Ma per popolo ancora vividi i ricordi delle violenze del regime

20 gennaio, 11:38

(di Diego Minuti) (ANSAmed) - ROMA, 20 GEN - Ogni regime dittatoriale, per affermare il suo controllo sul popolo, esercita la violenza e affida spesso ad oscuri personaggi il compito di annullare, drammaticamente, il rispetto della persona e dei diritti che essa vanta. Come coloro che (parliamo di chi esercita la tortura), per conto dello Stato, usano la violenza contro chi è "colpevole" solo di tacere e non denunciare. La Tunisia, nella sua storia recente, cioè dall'Indipendenza, ha avuto bisogno di affidare le proprie sorti a uomini forti. Lo ha fatto con Bourghiba, ancora oggi considerato il padre della patria, e lo ha fatto anche con Ben Ali, che mise in piedi una efficiente macchina repressiva, in un simulacro di democrazia buona soltanto per l'immagine della Tunisia all'estero. Se la struttura repressiva ufficiale aveva volti e voci ben conosciute (come Ali Seriati, capo della Guardia presidenziale e per tutti il vero uomo forte del regime, temutissimo anche in seno al gruppo di potere del dittatore)), ce ne sono stati altri rimasti confinati nell'ombra. Manovali del terrore cui il regime di Ben Ali fece ricorso, per oltre vent'anni, e che costituivano il nerbo di parti dello Stato mai ammessi nella loro esistenza. Ora, dopo quattro anni dalla caduta di Ben Ali, questi personaggi cominciano a manifestarsi volontariamente e non perché inseguiti dalla giustizia e lo stanno facendo per ottenere il perdono da parte di un Paese che conosceva benissimo la loro funzione, ma che li ha nascosti nei meandri più oscuri della memoria, quasi vergognandosene. Uno di questi torturatori, Al Hiwar Attounssi, ha affidato tale richiesta di perdono ad una intervista ad un canale televisivo privato. E questa richiesta sta suonando dolorosa per la Tunisia che probabilmente non ritiene che sia giunto il tempo per perdonare, sentendo ancora pulsanti le ferite inferte da chi il regime aveva incaricato di fare da aguzzini, nutriti dai cascami economici della dittatura.

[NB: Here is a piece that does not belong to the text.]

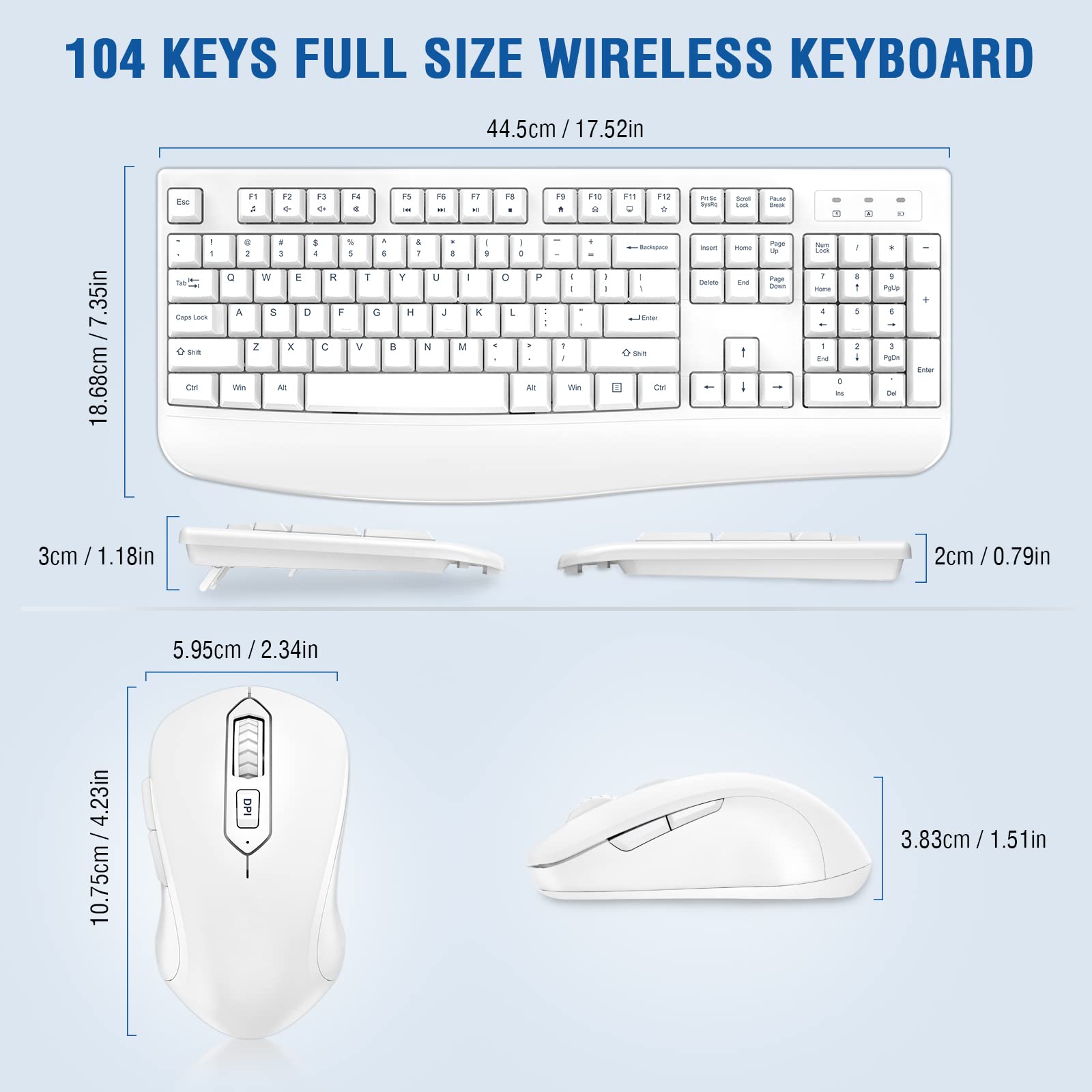 Foto 3 pulgar | Combo De Teclado Y Ratón Inalámbricos Edjo De Tamaño Completo  Blanco - Venta Internacional.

Tutti sanno benissimo che nelle caserme della polizia, così come della Guardia nazionale che dell'Esercito esistevano delle stanze sul cui uscio venivano fermati democrazia e pietà. E, quando non era la tortura, ci pensavano le terribili condizioni delle prigioni, che hanno causato malattie che segnano ancora oggi il corpo di molti ex detenuti politici. Ma sino a che punto la Tunisia è disposta a perdonare? Il Paese, già poche settimane dopo la caduta di Ben Ali, fece una scelta ben precisa, quella di non mettere in piedi una Norimberga sul mare di Cartagine, "limitandosi" ad amministrare giustizia vera e non inquinata dalla sete di vendetta. Una scelta che ha evitato che scorresse del sangue (formalmente la pena di morte è ancora prevista per reati come l'alto tradimento), ma che ha lasciato un retrogusto amaro per chi sperava che tutto il marcio sarebbe stato spazzato. Così, in fondo, non è stato e la richiesta di perdono dei torturatori di Ben Ali appare come l'ultimo colpo di coda di un passato che tutti vogliono seppellire.(ANSAmed).